EXERCISE BRIEF: Retype, word for word, every line from the one holding "Green_Cotton_Bandhani_Circle_Ethnic_Dupatta_For_Women" through the one holding "Chafing dish eléctrico de Lacor." in the entries below, both included, and only those lines.

- Opening Delimiter -

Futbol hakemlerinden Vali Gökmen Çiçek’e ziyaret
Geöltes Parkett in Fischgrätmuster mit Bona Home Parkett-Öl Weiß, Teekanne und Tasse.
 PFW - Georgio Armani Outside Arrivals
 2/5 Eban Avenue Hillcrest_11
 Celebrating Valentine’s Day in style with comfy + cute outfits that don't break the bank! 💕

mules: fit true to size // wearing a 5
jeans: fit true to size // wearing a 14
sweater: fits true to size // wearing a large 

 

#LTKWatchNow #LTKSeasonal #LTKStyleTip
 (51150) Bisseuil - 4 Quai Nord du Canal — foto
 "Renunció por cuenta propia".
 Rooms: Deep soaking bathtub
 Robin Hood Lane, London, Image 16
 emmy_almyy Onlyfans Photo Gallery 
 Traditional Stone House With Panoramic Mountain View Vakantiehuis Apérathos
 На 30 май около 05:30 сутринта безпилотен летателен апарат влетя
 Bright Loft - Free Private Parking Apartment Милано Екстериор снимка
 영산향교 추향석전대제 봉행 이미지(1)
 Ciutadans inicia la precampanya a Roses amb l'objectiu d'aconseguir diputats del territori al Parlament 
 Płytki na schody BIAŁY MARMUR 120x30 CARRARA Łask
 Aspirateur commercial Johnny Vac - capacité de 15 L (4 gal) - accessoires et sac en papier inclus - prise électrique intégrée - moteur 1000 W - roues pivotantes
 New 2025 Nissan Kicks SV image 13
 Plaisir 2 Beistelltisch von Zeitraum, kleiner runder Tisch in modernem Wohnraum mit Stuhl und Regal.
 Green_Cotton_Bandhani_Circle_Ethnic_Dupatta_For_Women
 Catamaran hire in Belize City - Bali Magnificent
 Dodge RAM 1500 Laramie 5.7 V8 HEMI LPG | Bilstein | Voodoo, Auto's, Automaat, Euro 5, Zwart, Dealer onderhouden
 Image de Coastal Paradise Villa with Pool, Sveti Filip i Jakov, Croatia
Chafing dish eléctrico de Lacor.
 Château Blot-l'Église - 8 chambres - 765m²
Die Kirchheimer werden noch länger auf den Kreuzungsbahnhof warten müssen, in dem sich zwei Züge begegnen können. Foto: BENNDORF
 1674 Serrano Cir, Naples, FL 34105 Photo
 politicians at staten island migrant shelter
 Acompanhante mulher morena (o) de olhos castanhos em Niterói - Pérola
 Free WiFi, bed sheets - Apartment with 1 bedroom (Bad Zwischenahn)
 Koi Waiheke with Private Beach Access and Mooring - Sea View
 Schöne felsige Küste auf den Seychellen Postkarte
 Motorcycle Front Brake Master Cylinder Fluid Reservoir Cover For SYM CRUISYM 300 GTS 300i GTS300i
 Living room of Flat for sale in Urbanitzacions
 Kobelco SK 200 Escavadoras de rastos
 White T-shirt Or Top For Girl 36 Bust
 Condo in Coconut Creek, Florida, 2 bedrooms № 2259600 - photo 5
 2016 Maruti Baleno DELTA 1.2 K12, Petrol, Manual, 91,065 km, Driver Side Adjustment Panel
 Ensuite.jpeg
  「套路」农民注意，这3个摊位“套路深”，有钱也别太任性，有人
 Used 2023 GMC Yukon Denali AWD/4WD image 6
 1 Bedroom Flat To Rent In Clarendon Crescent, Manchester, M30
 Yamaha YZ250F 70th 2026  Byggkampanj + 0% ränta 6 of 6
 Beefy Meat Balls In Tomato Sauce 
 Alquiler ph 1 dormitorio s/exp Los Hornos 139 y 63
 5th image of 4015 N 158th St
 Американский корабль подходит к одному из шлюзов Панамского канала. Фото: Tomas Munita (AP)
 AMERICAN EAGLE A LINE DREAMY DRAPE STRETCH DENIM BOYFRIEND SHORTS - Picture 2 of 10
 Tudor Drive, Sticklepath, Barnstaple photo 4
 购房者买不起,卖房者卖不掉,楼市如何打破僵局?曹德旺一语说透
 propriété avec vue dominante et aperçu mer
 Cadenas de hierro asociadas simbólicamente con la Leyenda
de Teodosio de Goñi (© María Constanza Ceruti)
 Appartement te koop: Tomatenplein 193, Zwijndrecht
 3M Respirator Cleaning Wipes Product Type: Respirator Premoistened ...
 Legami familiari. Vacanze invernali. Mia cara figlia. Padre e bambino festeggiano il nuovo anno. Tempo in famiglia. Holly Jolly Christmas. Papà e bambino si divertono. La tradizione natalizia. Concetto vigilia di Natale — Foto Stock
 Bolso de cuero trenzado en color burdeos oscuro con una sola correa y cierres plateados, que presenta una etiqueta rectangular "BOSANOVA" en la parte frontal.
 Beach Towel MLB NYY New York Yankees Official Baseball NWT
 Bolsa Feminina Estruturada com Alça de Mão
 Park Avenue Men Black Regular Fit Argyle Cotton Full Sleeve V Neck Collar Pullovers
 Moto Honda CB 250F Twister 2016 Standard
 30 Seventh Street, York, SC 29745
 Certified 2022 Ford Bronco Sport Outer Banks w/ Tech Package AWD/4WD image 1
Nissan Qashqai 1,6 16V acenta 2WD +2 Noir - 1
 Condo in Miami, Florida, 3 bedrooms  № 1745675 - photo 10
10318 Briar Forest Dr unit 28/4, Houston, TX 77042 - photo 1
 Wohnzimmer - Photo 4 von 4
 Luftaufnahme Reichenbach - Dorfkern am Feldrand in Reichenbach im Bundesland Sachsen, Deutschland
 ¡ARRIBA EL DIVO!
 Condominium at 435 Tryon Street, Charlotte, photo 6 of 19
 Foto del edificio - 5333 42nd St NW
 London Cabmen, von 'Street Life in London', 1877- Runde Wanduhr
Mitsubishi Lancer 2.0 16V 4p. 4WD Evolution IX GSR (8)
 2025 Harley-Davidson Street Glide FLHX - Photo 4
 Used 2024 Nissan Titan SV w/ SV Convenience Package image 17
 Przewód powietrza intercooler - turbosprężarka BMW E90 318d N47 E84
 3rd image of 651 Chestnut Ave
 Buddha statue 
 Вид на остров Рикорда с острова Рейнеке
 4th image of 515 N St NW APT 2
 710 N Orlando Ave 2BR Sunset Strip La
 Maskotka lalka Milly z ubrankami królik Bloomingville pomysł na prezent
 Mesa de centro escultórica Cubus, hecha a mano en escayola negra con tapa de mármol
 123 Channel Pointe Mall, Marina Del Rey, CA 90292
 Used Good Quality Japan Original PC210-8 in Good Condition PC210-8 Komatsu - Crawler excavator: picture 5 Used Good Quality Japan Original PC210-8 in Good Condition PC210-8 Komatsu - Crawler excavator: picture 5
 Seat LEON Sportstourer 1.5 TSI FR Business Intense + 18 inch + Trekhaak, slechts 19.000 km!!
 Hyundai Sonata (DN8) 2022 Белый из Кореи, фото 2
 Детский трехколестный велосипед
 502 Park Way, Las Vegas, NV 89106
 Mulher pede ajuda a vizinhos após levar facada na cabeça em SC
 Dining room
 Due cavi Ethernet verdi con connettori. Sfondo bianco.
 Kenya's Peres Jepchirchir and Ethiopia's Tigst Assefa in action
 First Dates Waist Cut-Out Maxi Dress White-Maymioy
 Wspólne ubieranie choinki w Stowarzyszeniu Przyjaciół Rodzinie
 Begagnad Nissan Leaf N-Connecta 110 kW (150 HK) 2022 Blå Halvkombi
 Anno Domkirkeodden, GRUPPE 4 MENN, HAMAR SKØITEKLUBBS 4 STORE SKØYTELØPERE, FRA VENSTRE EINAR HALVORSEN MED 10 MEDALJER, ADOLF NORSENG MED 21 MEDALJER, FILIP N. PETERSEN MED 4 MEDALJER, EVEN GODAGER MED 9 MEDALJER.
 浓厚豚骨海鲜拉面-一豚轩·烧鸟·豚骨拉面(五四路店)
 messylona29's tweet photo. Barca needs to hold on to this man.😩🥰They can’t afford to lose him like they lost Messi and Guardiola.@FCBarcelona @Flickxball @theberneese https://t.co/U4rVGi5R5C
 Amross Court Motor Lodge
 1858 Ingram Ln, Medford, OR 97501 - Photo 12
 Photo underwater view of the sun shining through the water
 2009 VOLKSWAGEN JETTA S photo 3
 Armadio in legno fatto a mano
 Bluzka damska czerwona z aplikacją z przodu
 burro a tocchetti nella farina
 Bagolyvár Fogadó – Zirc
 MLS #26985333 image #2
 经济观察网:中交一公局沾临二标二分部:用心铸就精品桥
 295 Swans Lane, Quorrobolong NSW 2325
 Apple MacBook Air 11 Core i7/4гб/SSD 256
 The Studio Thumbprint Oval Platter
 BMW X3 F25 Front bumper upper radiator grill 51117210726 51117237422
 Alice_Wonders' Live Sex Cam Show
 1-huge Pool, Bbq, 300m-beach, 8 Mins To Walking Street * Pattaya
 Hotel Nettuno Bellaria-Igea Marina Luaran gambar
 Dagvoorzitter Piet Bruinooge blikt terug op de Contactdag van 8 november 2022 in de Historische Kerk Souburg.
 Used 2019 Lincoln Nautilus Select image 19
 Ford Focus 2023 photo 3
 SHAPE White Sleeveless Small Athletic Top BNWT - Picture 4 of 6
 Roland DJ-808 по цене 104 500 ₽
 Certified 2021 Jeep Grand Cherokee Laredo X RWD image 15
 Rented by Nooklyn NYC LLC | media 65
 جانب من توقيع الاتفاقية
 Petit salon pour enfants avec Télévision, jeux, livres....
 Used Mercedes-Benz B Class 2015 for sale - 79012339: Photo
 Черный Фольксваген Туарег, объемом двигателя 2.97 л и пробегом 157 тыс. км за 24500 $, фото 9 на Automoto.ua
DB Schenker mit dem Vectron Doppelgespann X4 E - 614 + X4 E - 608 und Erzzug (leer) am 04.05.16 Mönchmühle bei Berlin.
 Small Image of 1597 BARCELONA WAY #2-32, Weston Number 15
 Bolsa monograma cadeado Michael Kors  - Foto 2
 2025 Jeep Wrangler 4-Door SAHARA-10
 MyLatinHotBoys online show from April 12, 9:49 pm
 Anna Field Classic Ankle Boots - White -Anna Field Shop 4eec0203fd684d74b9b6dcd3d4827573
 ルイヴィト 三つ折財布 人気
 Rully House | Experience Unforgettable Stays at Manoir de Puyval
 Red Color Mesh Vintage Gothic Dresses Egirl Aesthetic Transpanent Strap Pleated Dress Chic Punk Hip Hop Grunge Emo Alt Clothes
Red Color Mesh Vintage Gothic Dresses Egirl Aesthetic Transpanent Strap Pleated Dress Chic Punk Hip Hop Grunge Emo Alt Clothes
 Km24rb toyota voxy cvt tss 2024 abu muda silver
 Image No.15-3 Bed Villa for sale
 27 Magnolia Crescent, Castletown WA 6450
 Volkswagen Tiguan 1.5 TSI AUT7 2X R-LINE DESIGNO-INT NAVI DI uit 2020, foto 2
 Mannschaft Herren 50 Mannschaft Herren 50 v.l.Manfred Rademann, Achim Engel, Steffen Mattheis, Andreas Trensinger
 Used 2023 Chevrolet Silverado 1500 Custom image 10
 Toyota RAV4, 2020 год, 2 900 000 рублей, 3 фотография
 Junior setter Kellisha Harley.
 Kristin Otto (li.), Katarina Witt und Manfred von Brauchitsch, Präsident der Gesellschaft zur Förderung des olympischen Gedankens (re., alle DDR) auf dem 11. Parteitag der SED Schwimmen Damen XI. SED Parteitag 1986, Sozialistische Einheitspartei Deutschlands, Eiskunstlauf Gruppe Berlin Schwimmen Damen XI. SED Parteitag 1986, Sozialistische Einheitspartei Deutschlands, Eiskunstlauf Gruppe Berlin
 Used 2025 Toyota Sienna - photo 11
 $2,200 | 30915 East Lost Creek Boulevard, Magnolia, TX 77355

- Closing Delimiter -

ANSWER BOX:
 Green_Cotton_Bandhani_Circle_Ethnic_Dupatta_For_Women
 Catamaran hire in Belize City - Bali Magnificent
 Dodge RAM 1500 Laramie 5.7 V8 HEMI LPG | Bilstein | Voodoo, Auto's, Automaat, Euro 5, Zwart, Dealer onderhouden
 Image de Coastal Paradise Villa with Pool, Sveti Filip i Jakov, Croatia
Chafing dish eléctrico de Lacor.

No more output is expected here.